Temporal Recall@K¶
Retrieval Metric
Temporal Recall@K measures the fraction of all temporally relevant documents that appear in the top-K retrieved results. This tells you how many of the "correct" temporal documents your system successfully retrieved.
Formula¶
\[
\text{TemporalRecall@K} = \frac{|\{d \in D_K : \text{rel}(d, q) = 1\}|}{|\{d \in C : \text{rel}(d, q) = 1\}|}
\]
Where:
- \(D_K\) = set of top-K retrieved documents
- \(C\) = full document collection
- \(\text{rel}(d, q) = 1\) if \(|QFT \cap DFT_d| > 0\), otherwise 0
In simple terms: What fraction of all temporally relevant documents did you retrieve?
Inputs¶
retrieved_idsandgold_ids(gold mode)queryandretrieved_docs(LLM mode)qft,dfts, andtotal_relevant(Focus Time mode)k(cutoff)
Output¶
- Range: [0, 1], higher is better.
Prompt (LLM mode)¶
## Task
Judge if this document is temporally relevant to answering the query.
## Query
{query}
## Document
{document}
## Criteria
A document is temporally relevant if it:
1. Contains temporal information (dates, periods, durations) needed to answer the query
2. Discusses events/facts from the time period the query asks about
3. Provides temporal context that helps answer the query
## Output (JSON)
{
"is_relevant": true or false,
"relevance_score": 0.0 to 1.0,
"reasoning": "brief explanation"
}
Examples¶
Focus Time¶
from tempoeval.metrics import TemporalRecall
metric = TemporalRecall(use_focus_time=True)

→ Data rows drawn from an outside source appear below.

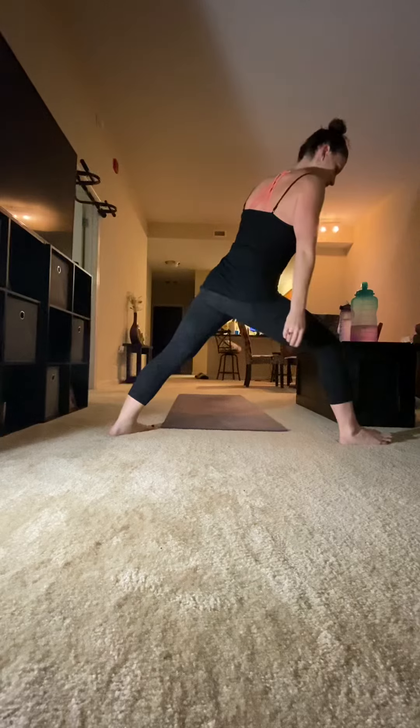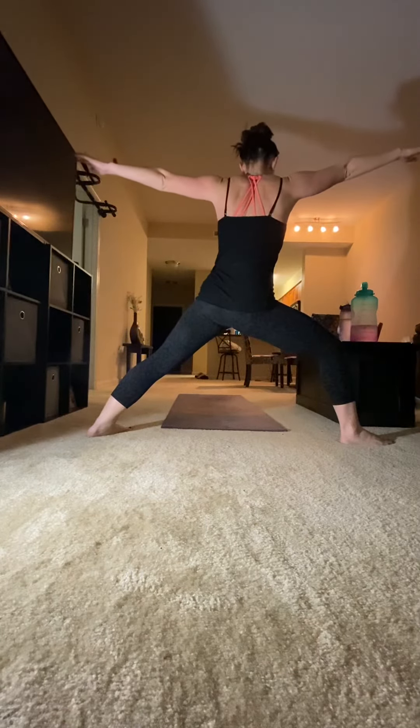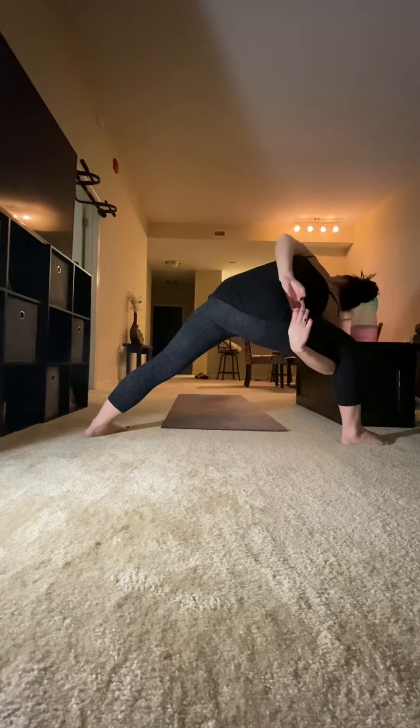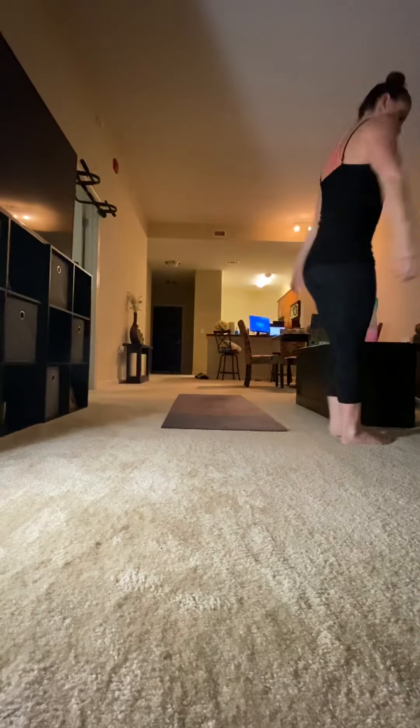Stepping the left foot back, heel on the mat, Warrior II, taking your right arm and going under and wrapping for that bind, chest is up, gaze is up, holding the stretch, coming back to Warrior II, and back to center.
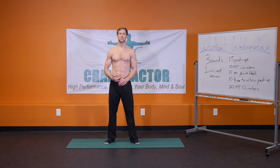Hello, I'm Derek Crane with Crane Factor and we bring you programs, products, and inspiration on healthy living, fitness training, and living an amazing life.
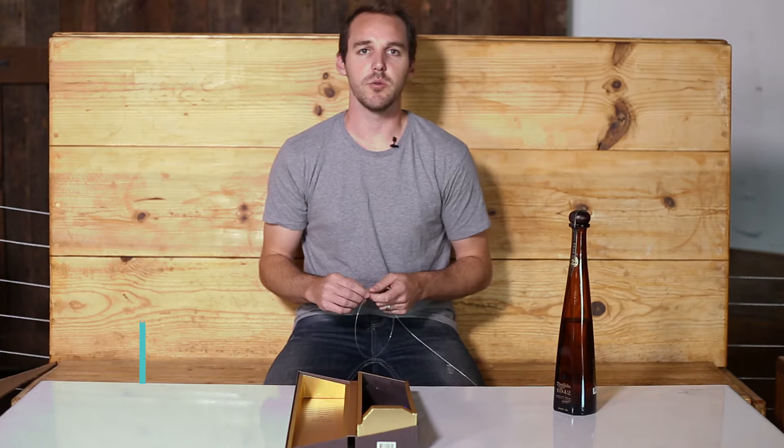Hi, I'm Justin with Alimoglow. Today we're going to show you how to install laser wire into retail packaging and POP displays. It's really easy to work with, so let's get right down to it.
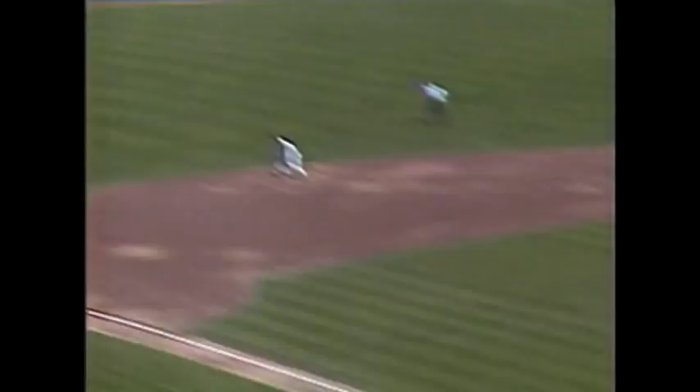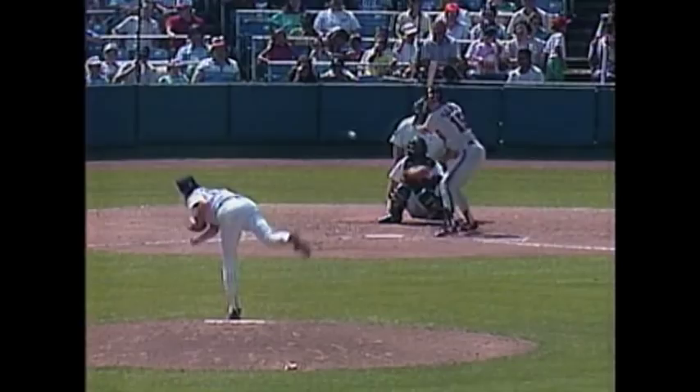He made the wrong kind of pitch. You see the catcher setting up on the inside half, and Salmon really turned on the speed — he got around and got the big part of the bat on that inside fastball. Number one.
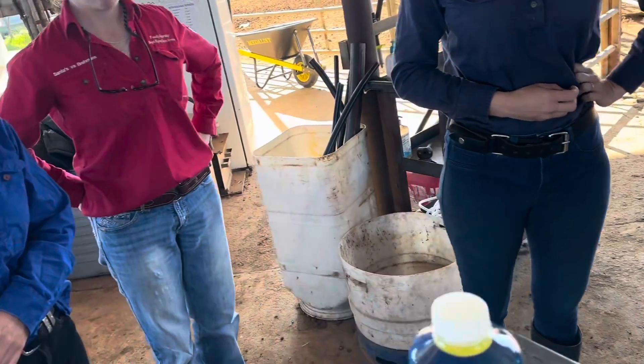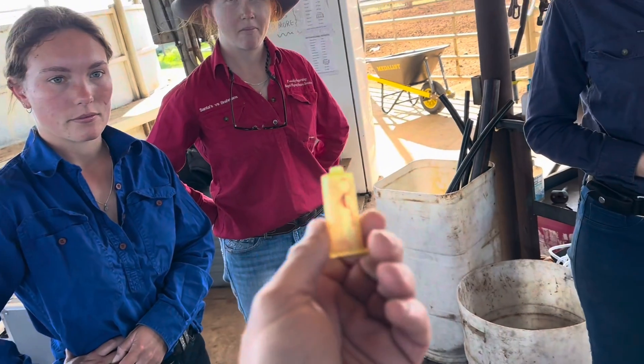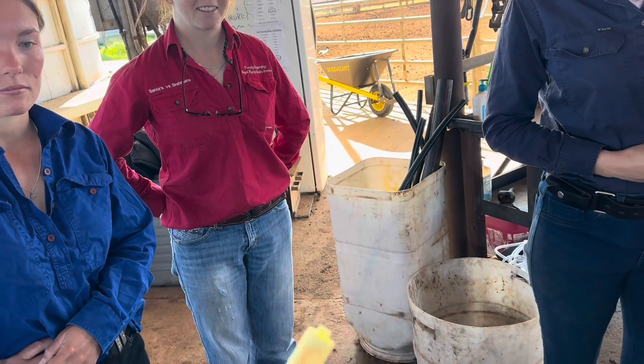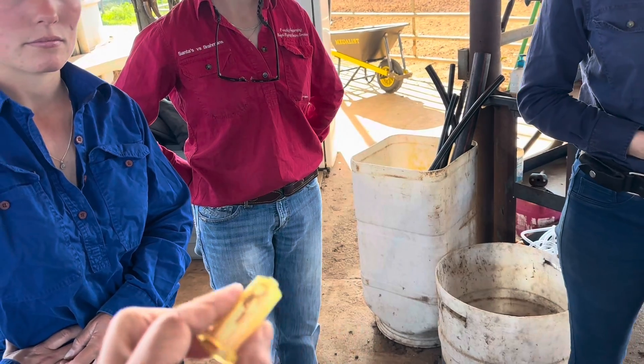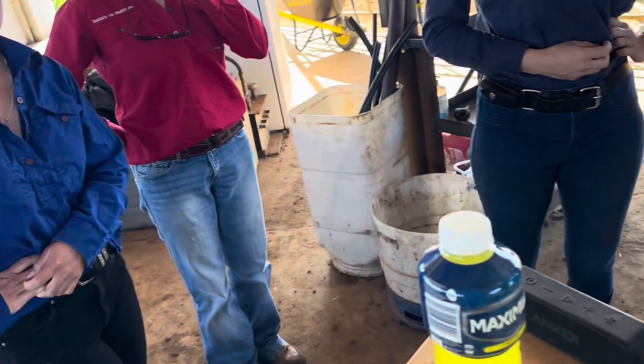These are vacutainer hubs. When you donate blood, they used to use these in human healthcare a fair bit, but now they use stuff that's a bit safer so people don't actually get needle sticks — a lot fancier. But this is what they used to use, and they still use them a fair bit in human healthcare. And these are double-ended needles.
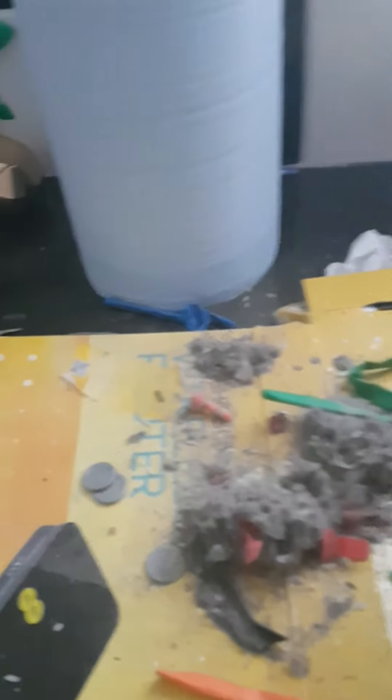Wow. Should we have a look at the inside, if I can get my angling right? It's caked in it. So there we go.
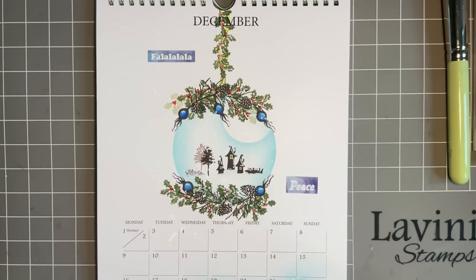Hi everybody, Jo here - thanks for popping in again. As always, lovely to be able to spend some time with you. Today is quite sad really because it's the last page on my calendar and I've really enjoyed doing this. As always, I'm going to show you what I've done in my Lavinia calendar and then I'm going to make a similar sort of design on a card.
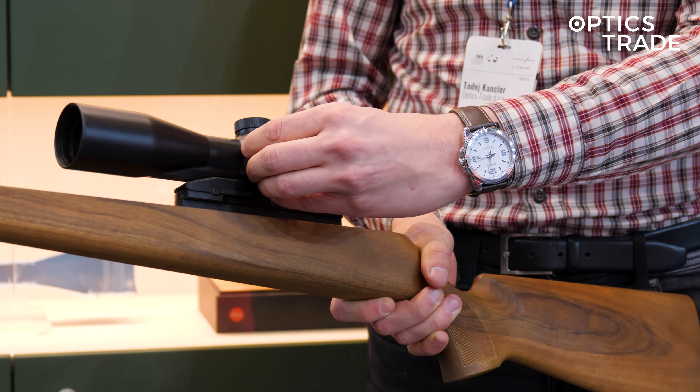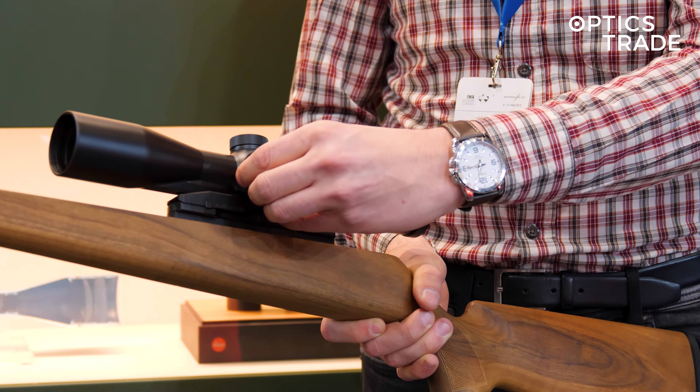It features a very nicely adjustable parallax system that basically has a stop or a click at 100 meters when you set it at 100.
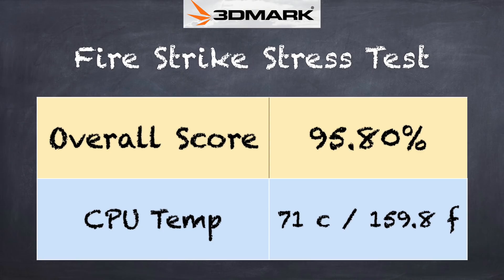On the 3DMark stress test we got a score of 95.8%, which is technically a failing grade on that test. However, it's not a horribly failing score — you may see a little bit of thermal throttling as things get hotter, but it's not significant. Performance will be generally consistent even under load.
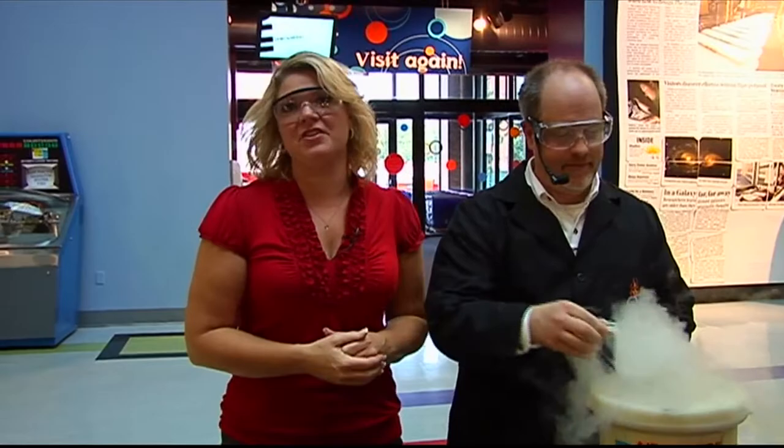Kelly's back at Imagination Station. Our favorite scientist at the Imagination Station, Carl, has one of his favorite ingredients: liquid nitrogen.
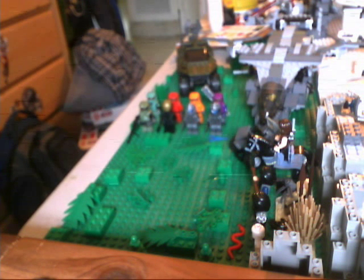Hey guys, and welcome to another custom vehicle review. Today I'm going to be doing it on my custom World War II Willys Jeep.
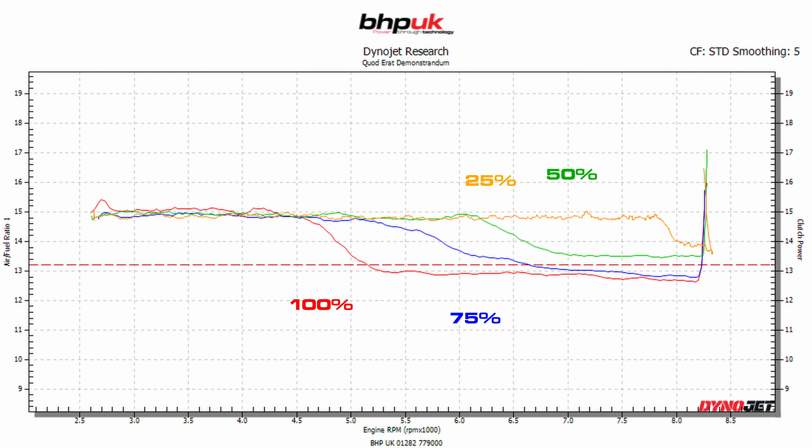So the Honda Africa Twin 1100 — what did we find? The stock bike is advertised as making 100 brake horsepower at the crank, and this particular example actually made 95 at the back wheel. It seems Honda have been under-advertising the power it makes. As a comparison, the old 1-litre bikes used to make about 85 brake horsepower at the back wheel, so this is making an extra 10 to start with.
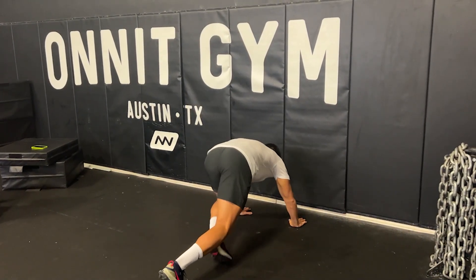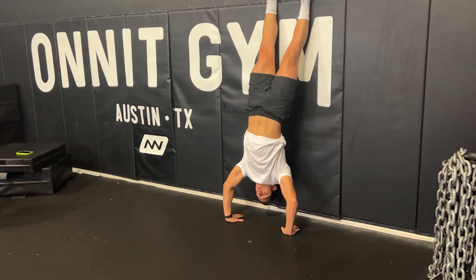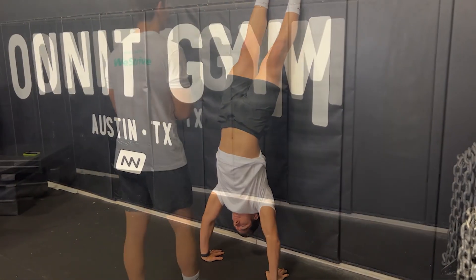From here, get into a sprinter stance with one leg forward and one leg back, and then swiftly kick your legs up so that your head is down and your legs are up against the wall.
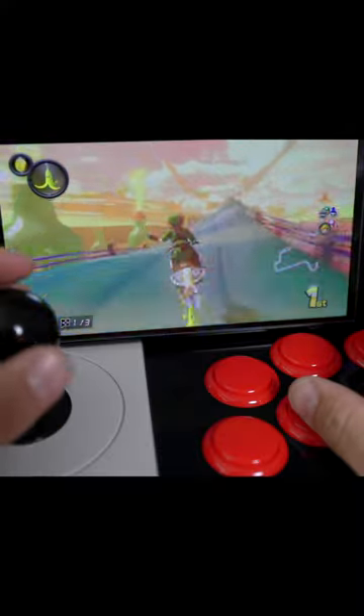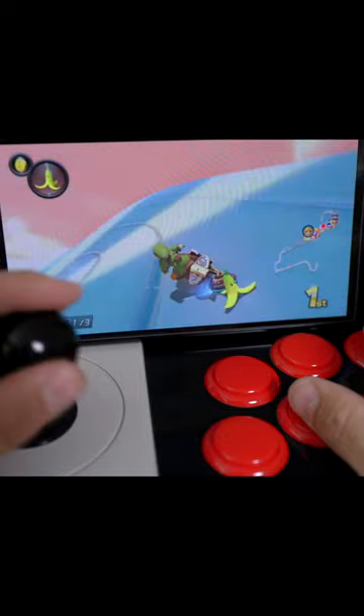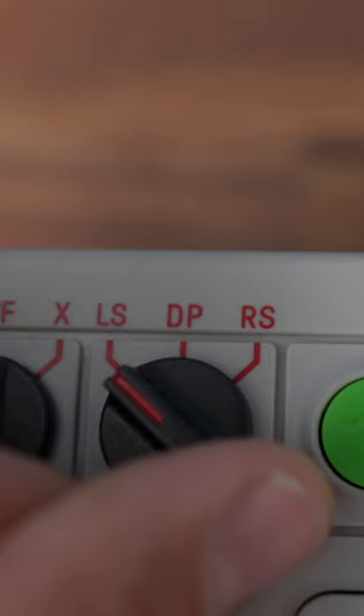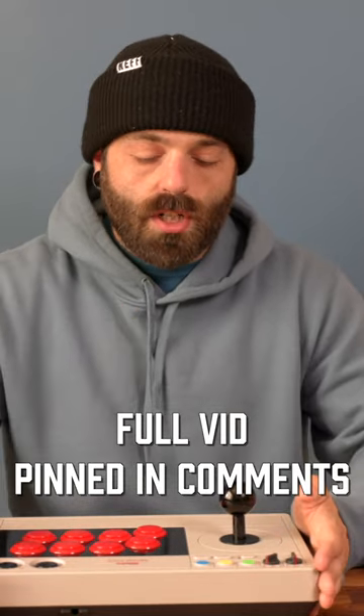I would say that this is an extremely unique controller to own. It isn't one where you can play every single game with it, although you technically can, because there is another toggle switch that you have three different toggles. LS means left stick, and so that immediately makes this joystick function as a left stick. DP, which is the D-pad, now functions as a D-pad, and finally RS, which is the right stick.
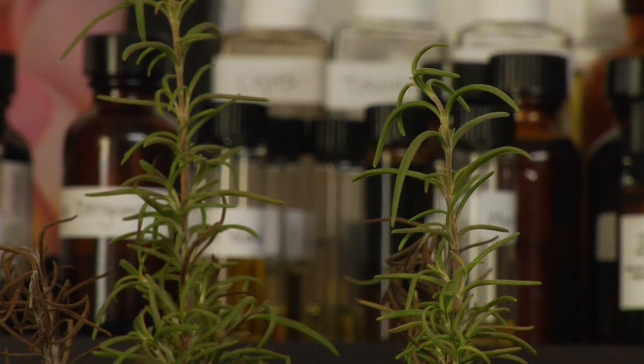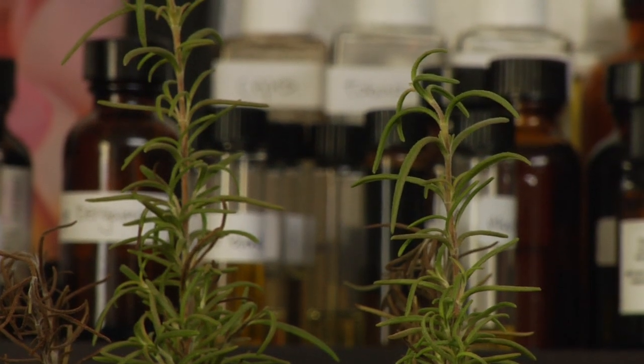I just cut off some sprigs and I put them in alcohol, and you can see how it's actually turned the liquid a nice dark green. If you could smell it, you could see that it has a very nice aroma — a little bit different than the plant itself, but it's got its own aromatic profile of its own.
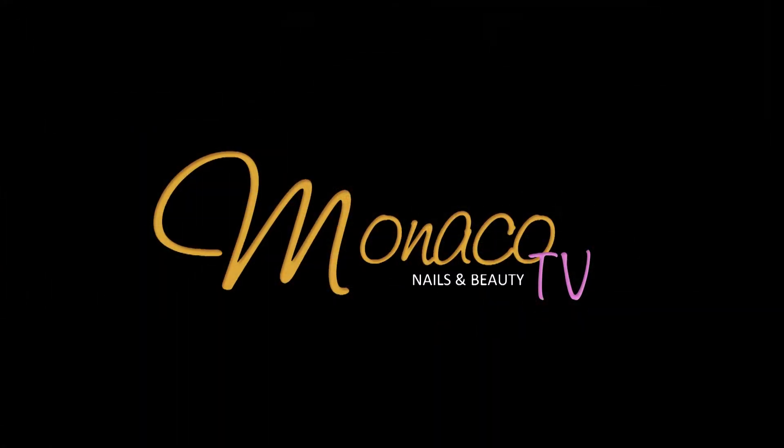Comment below with any questions that you have and subscribe if you want to see more. For extra tutorials and articles, go to our Facebook page linked below. I'll see you next time. Monaco TV.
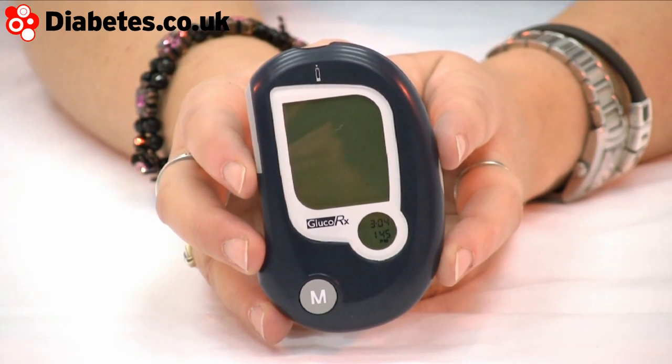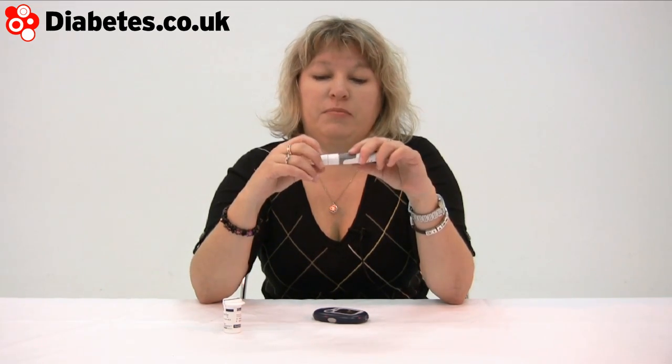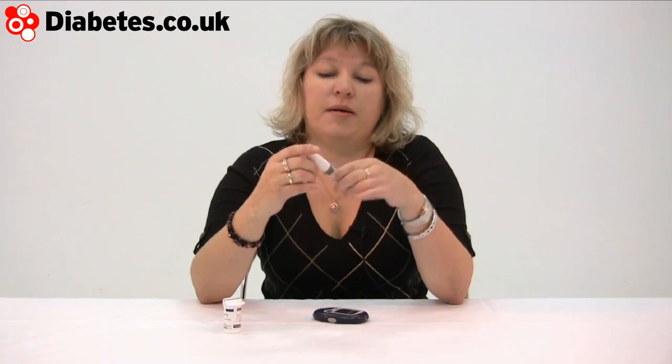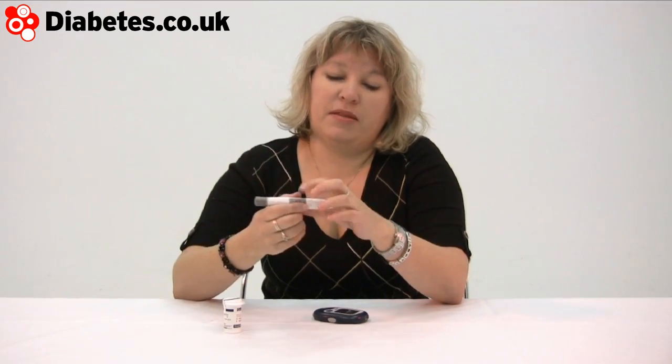This little machine is called the Gluco RX. Very simple to use and kind of neat. It's got a little dial there which gives you the time and the date. It has the usual sort of finger pricker — you dial up the penetration level with the marks on the side. The lancet's inside like that, then you prime it and release it with the button there.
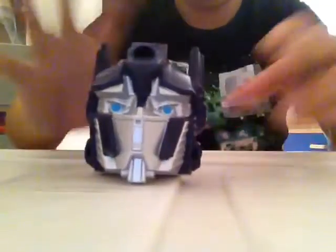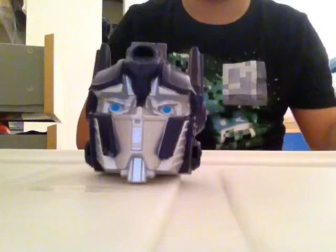Hey guys, welcome back to some more unboxing. We are doing another Burger King toy. It's called Transformers Optimus Prime. As you can see, he's decapitated.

score = metric.compute(qft={2020}, dfts=[{2020}, {2019}], total_relevant=1, k=2)
LLM¶
from tempoeval.metrics import TemporalRecall
metric = TemporalRecall(use_llm=True)
metric.llm = llm
score = await metric.acompute(
query="When did X happen?",
retrieved_docs=["..."],
k=5
)
Synchronous usage
Use compute(...) for sync calls and acompute(...) for async.